Rogers, Malaysia, Enforcement and Volatility

According to this article in The Sun Daily, Jim Rogers made a 180 degree turn regarding investing in Malaysia:

Famed investor and co-founder of Quantum Fund, Jim Rogers (pix), took to the stage at Invest Malaysia 2013 yesterday to say that he is now back in Malaysia to invest and believes that the "positive dramatic changes" undertaken by Prime Minister Datuk Seri Najib Abdul Razak have put Malaysia on the right track.

"Malaysia is making positive dramatic changes. I am extremely optimistic about Malaysia and Asean. In fact I don't see any countries in Asean going the wrong way,'' he told a packed ballroom here yesterday.

.... Rogers had once said that he would never return to invest in Malaysia after getting burnt during the 1998 Asian financial crisis.

The problem with Malaysia is, that one can never be sure if changes are for real, or if it is all mere "sandiwara" (shadow play). Enforcement has been increased over the last 15 years, but hardly any big fish has ever been caught.

However, there might be some change lately. KiniBiz reported: "SC fines Naza brothers for Jetson affair":

The Securities Commission (SC) slapped a RM500,000 fine on SM Nasarudin SM Nasimuddin, SM Faliq SM Nasimuddin, and Ahmad Ibrahim last month, for failing to “carry out a mandatory offer for the remaining shares in Kumpulan Jetson Bhd”,

The article (full version only for subscribers) continued:

"The penalty is believed to be related to the brothers’ 2010 exit from Jetson, reportedly due to disagreements with other shareholders. The exit came a year after buying into Jetson via their private vehicle Superior Pavillion in August 2009."

"....This is not the first instance of failure to undertake a mandatory offer at Jetson, and ironically is preceded by a case involving Teh himself. In 2008, the Commission directed Teh [Managing Director and co-founder of Jetson] to disgorge his profits to a charity of his choice after failing to make a mandatory offer for the remaining shares in Jetson after acquiring control in the group."

Hopefully for the minority shareholders of Jetson it will be third time lucky.

I can't find any other link in the media to the above fine and reprimand, the link on the website from the Securities Commission can be found here.

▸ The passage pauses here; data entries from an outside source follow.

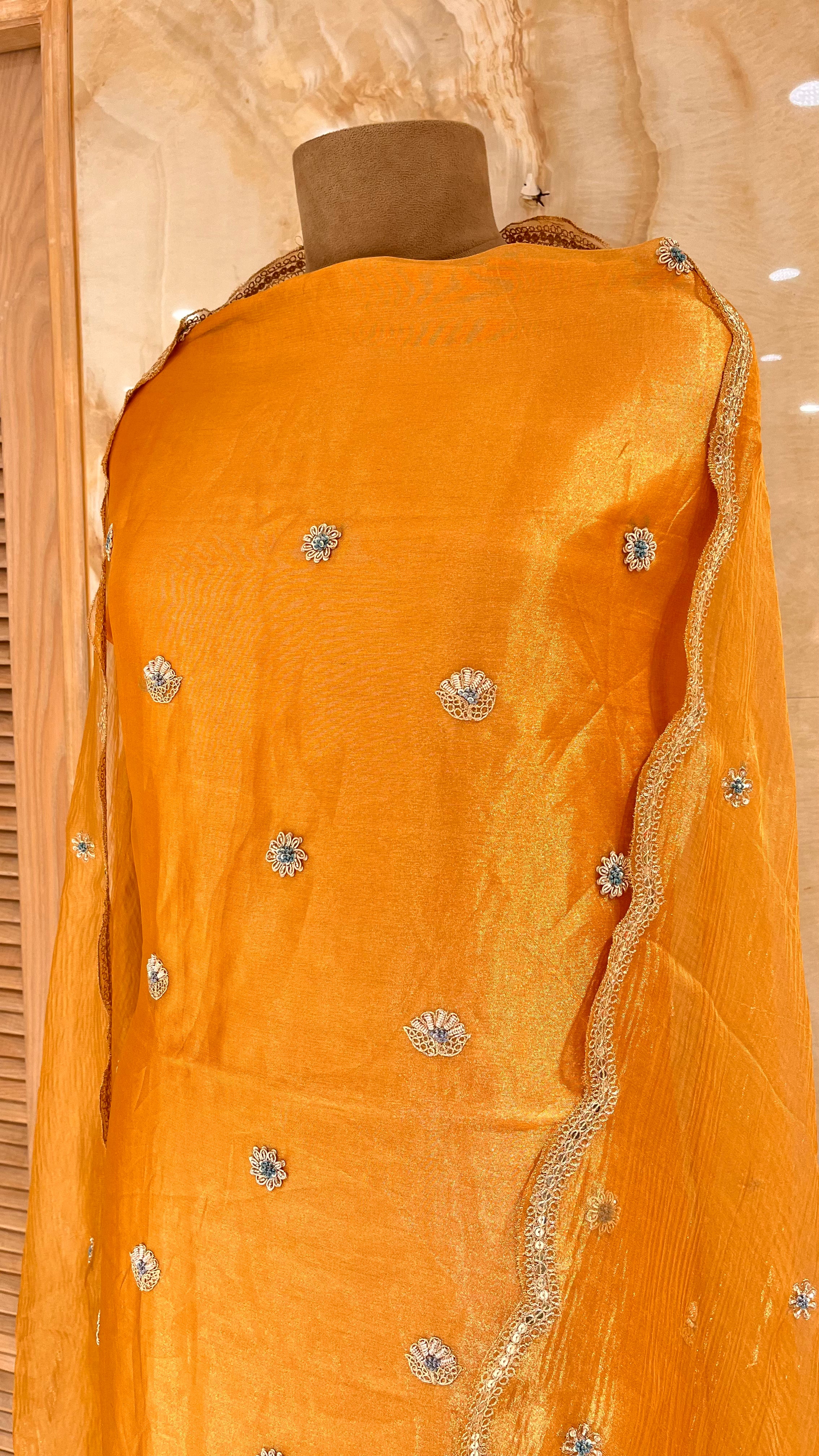 VIBRANT ORANGE EMBROIDERED UNSTITCHED SUIT SET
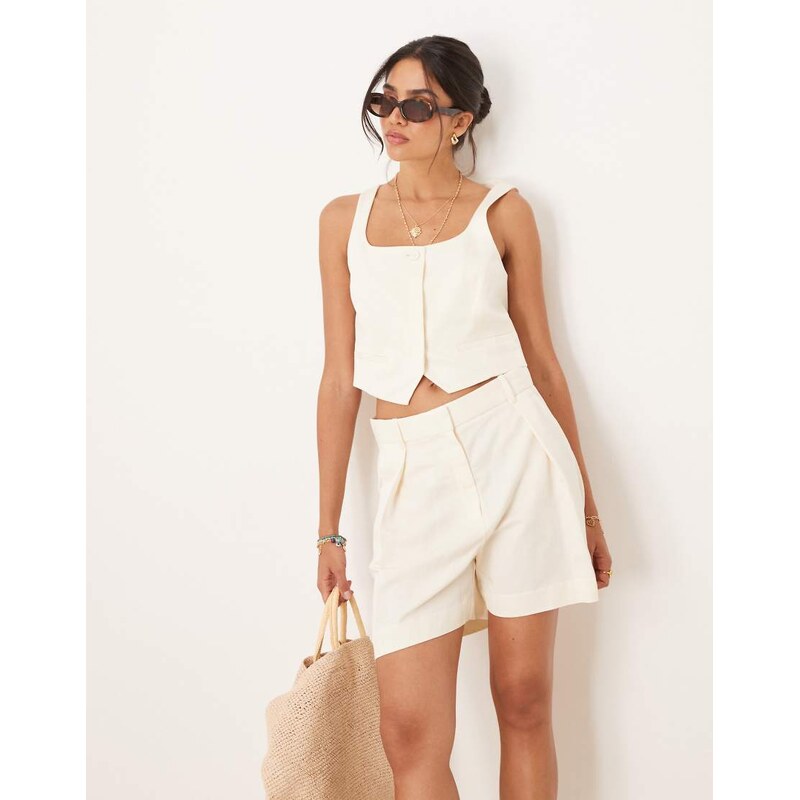 Mango cotton mix low square neck cropped waistcoat co-ord in white 109773916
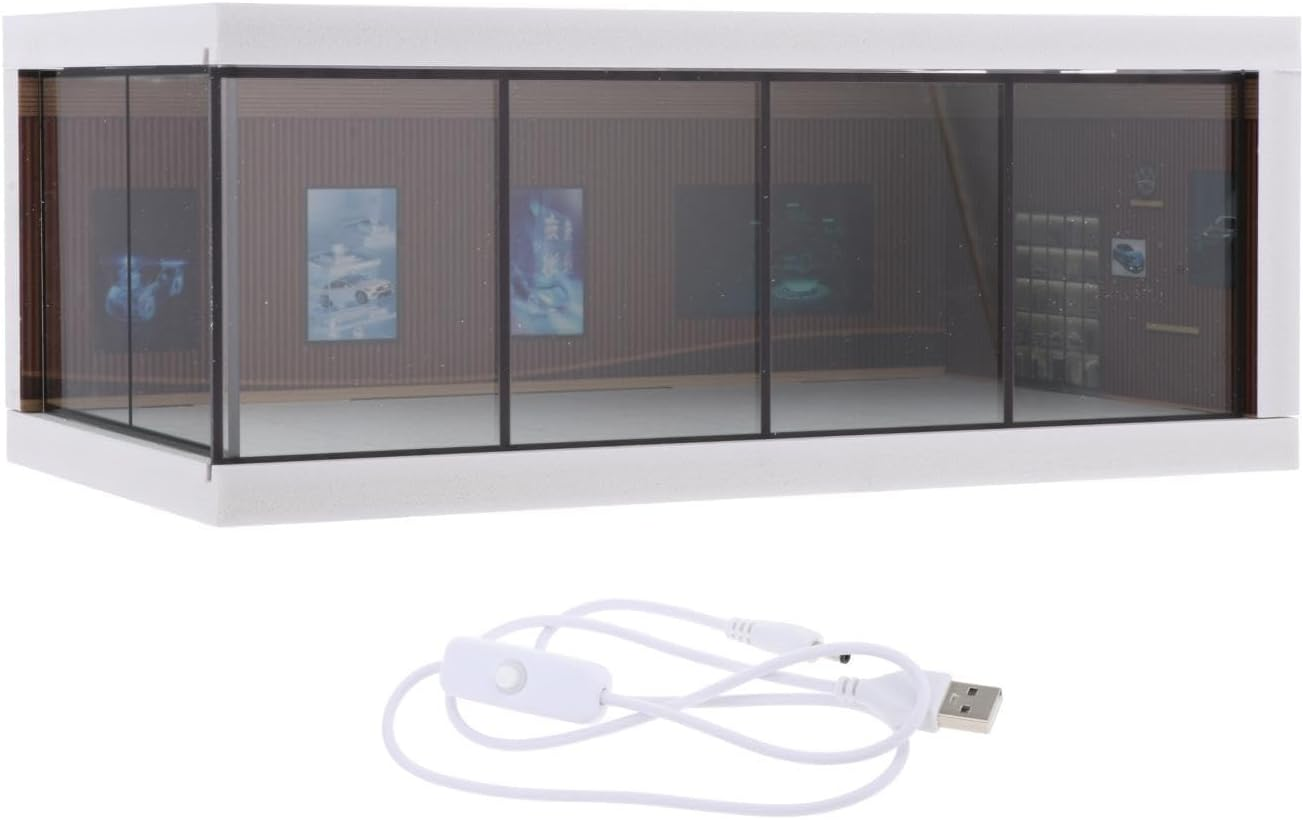 Qianly 1:64 Scale Car Garage Moldel with LED Storage Box Background Dustproof Cover Vehicle Scene Toy for Diecast Car Mini Dolls , Black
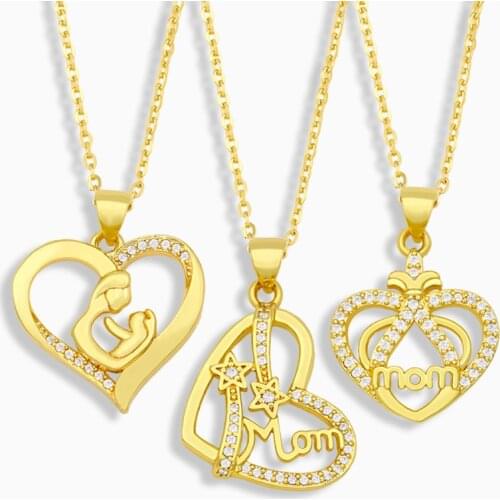 FLOLA White Stone Heart Mom MaMa Necklace For Women Gold Plated Pendant Necklace CZ Wholesale Jewelry Mothers Day Gifts nkeu85
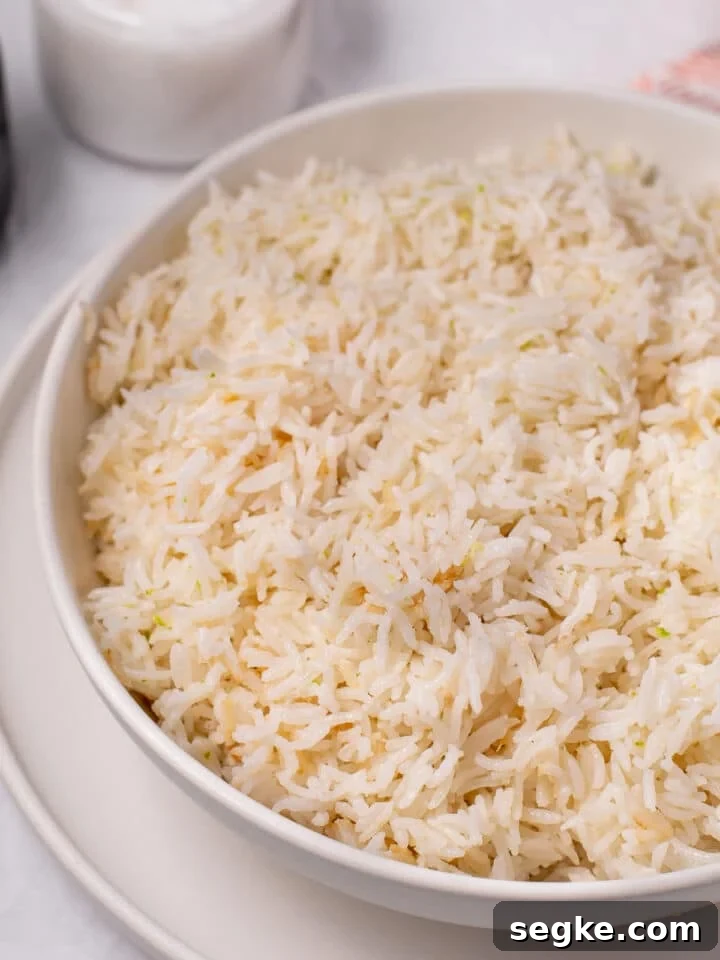 How to Make Fluffy Coconut Basmati Rice 8 large bowl of coconut basmati rice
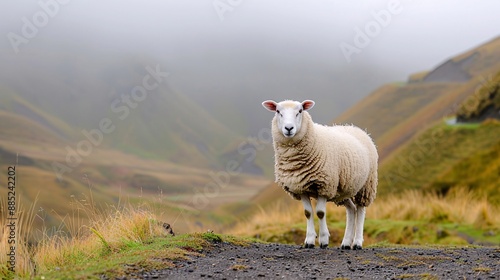 Sheep on a Foggy Mountain. photo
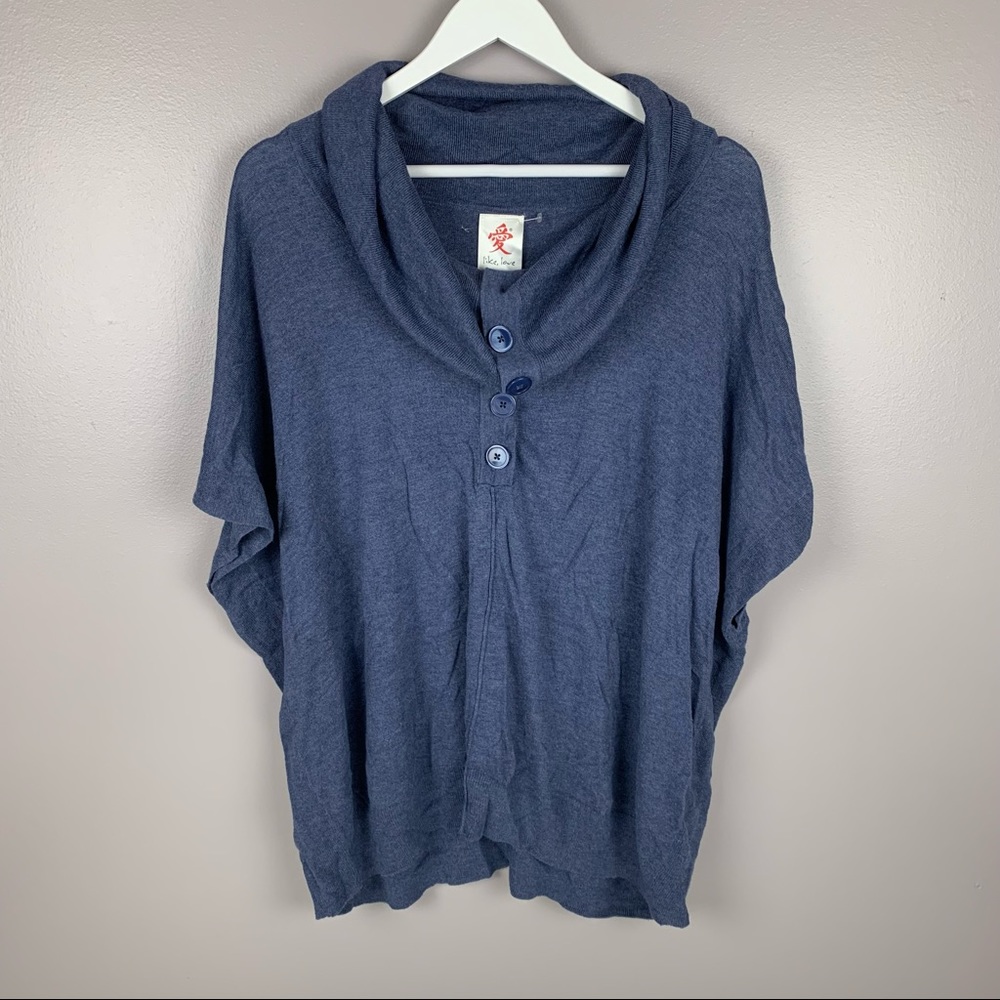Like, Love Cowl Neck Sweater Top Blue Large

It is very rare for Malaysia that VIP's like the Naza brothers are reprimanded and fined. So may be there is still hope for Malaysia after all, this looks like a step in the right direction.

If the fine itself (only a fraction of the company valuation) is sufficient is another matter. Punishment for blue collar cases are notoriously light.

The timing of Jim Rogers' bullish speech might however not be the best. In developed countries markets go up through the escalator and down through the lift. In emerging countries this is even much more true. "Hot money" can be reversed in an instant and both equity markets of emerging markets and their currencies will suffer. There is a lot of volatility lately which seem to indicate outflow of funds and heightened risk.

Bursa Malaysia was hit by six (quite good quality) counters that went limit-down this Friday at or near the close:

Bursa Malaysia responded that the orders were "valid and genuine", but who in his or her right mind would dump shares like this?

"Where is Ze Moola" finds it nonsensical trades and I have to agree with that. Even stranger is that 2 other counters (The Star and JCY) were traded up that day.

Monday will give a more clear picture what is going on.